La    révolution se  fêtait par   un  bal populaire  sur la place du  village   avec  distribution  de gâteaux  et de  vin blanc. Pour  le bal , on mobilisait  les  musiciens  de   la  commune. Je  me souviens   de  l’accordéoniste  qu’on sollicitait  pour  jouer  des valses. Le deuxième musicien    était  un  clarinettiste . Pour  montrer    qu’il  n’était  pas  qu’un musicien  de  bal  populaire, il annonçait  un solo, partition  d’un  artiste  de grande réputation .

On  installait ce mini orchestre sur  un podium branlant,  planches  posées sur  deux    comportes.

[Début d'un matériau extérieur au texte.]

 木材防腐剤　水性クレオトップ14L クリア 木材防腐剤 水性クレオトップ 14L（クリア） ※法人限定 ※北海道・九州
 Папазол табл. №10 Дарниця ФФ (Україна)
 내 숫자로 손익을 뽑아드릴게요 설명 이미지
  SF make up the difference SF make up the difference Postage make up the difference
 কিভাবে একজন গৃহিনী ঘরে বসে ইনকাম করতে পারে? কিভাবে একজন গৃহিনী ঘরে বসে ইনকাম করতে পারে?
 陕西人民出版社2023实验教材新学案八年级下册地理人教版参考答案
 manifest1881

On  mettait  en  perce  un  «  barricot »  de vin  blanc (un vrai , avec le «  brouquet »   c’est à  dire  avec     un  morceau  de  bois   qui  fermait  un trou  dans  une  face  du fut.  On  enlevait  le  brouquet  pour  tirer le vin  et le  mettre en  bouteille  pour  le  distribuer aux   participants  à la  soirée. Certains  restaient    fidèles  au  barrricot  et les  verres  faisaient  de  courts passages . Bons   républicains, ils   connaissaient  la Marseillaise,  mais  ce  soir  là  ils  en avaient   égaré   quelques  morceaux... Un  autre  verre  et  le  jour  de  gloire   était  retrouvé .

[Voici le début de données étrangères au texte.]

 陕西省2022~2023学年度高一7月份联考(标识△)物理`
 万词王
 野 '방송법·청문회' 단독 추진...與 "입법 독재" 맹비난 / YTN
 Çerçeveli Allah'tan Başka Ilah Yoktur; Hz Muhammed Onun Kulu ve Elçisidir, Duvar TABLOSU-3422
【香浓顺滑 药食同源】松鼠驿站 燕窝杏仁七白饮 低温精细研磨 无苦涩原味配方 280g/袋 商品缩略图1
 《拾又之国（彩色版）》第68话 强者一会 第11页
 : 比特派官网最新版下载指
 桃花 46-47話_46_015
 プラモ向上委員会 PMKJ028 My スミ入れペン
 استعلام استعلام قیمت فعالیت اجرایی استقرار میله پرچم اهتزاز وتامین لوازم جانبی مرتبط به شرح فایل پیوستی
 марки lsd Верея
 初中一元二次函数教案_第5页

Les gâteaux  étaient  confectionnés par  le   boulanger   du village  selon  une  recette  ancestrale   qu’il   a   laissée  le   jour où il  a  éteint   son four. Nous  l’avons   retrouvée  sur  un  fond  de    boîte  de  sucre  arrachée : « faire  de   la  pâte   à   pain  y  creuser  une fontaine y   incorporer  des  œufs  et  du  sucre   en   poudre ,on  pétrit à  la main et on  étale   en  galettes . Avec une plume d’oie on  passe  sur la  pâte  un  sirop  de jaune  d’œufs de sucre  et  d’armagnac . C’est    cela  qui  donne  du goût à   la  galette, car tout cela    caramélise dans  le  four. C’était bourratif  mais   avec    un verre  de   vin blanc,  ça passait  bien.  

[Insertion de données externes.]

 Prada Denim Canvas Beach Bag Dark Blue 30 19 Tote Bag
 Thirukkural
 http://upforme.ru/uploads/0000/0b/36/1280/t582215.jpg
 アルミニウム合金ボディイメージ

Un  papy qui avait  longtemps  travaillé comme   ouvrier  agricole dans la région   de l’Armagnac , précisait qu’ on   faisait pour le  14 juillet  le brûlot .Imaginez   une   grande  marmite  de cuivre  contenant   une  dizaine de    litres d’armagnac et  du  sucre,  chauffée   sur  un grand  brasier.  Très   vite  l’alcool   s’enflammait, on    remuait   bien  fort   le  liquide  et   des flammes  jaunes , bleutées   enveloppaient la  louche   à   long  manche. Le  maire  du  village  était l’ordonnateur de  la cérémonie   , c’est   lui  qui  après  avoir    goûté  décidait   d’arrêter    le brûlot .Aussi   était-il  plus ou  moins   alcoolisé .Et le Papy de tirer sur son béret et d’éclater de rire.

Quand  on   avançait  dans la soirée,on mettait  en  jeu  la   politique  et  je  me souviens, nous   dit le papy :  deux voisins  se fâchèrent,  un   l’avait  traité de  « ratapoil » (on m’a   expliqué  qu’il s’agissait de l’extrême  droite).

Excellent   conteur  il  roule   sa cigarette  de gris, sort  son briquet à  essence,  allume sa cigarette  et poursuit : « Une    année,  nous   avons eu un  problème avec  le curé et  son  conseil  paroissial . En  ce temps  là, les   mères  de  famille    accompagnaient   leur   fille  au  bal, on    disait   qu’elles les   chaperonnaient. Il  fallait  donc   tout  autour  de  la  piste de danse   mettre    des  chaises   et   des  bancs. Ces  dames  tenaient  à  voir   les   couples qui  se formaient  pour  tourner  la   valse    ou   glisser  le tango . Ce  soir  là, le  nombre   de  sièges ne   suffisait  pas. Le  carillonneur   prit  l’initiative   d’ouvrir l’église  et de  revenir  avec   des  chaises   paillées, du   fond  de la nef, pas  les prie  dieux    avec  coussin   de  velours et initiales de  la famille  en  lettres de  cuivre. Des   chaises   de   l’église  pour   le  14  juillet ! Le  brave homme faillit  perdre  son poste  de  carillonneur  

Dans  certaines    maisons,  on lui diminua la « graèro » (c’était la quantité de blé qu’on donnait au  carillonneur   pour   ses  services, elle se  quantifiait   avec  une  mesure  en  bois « le   vingtième » ;qui correspondait    au  quart du  sac   de blé de 80   kilos) .

Rallumant sa   cigarette il nous confiait :   « Quant  à  nous, les   jeunes,  nous   laissions  toute  politique  de côté  pour lutiner  les   filles  dans  un  coin sombre  de  la placette  sans  nous  occuper  si  elles  étaient  de droite  ou de   gauche . En    voyant certains couples, seules   les mères  chaperons  parlaient   de mésalliance.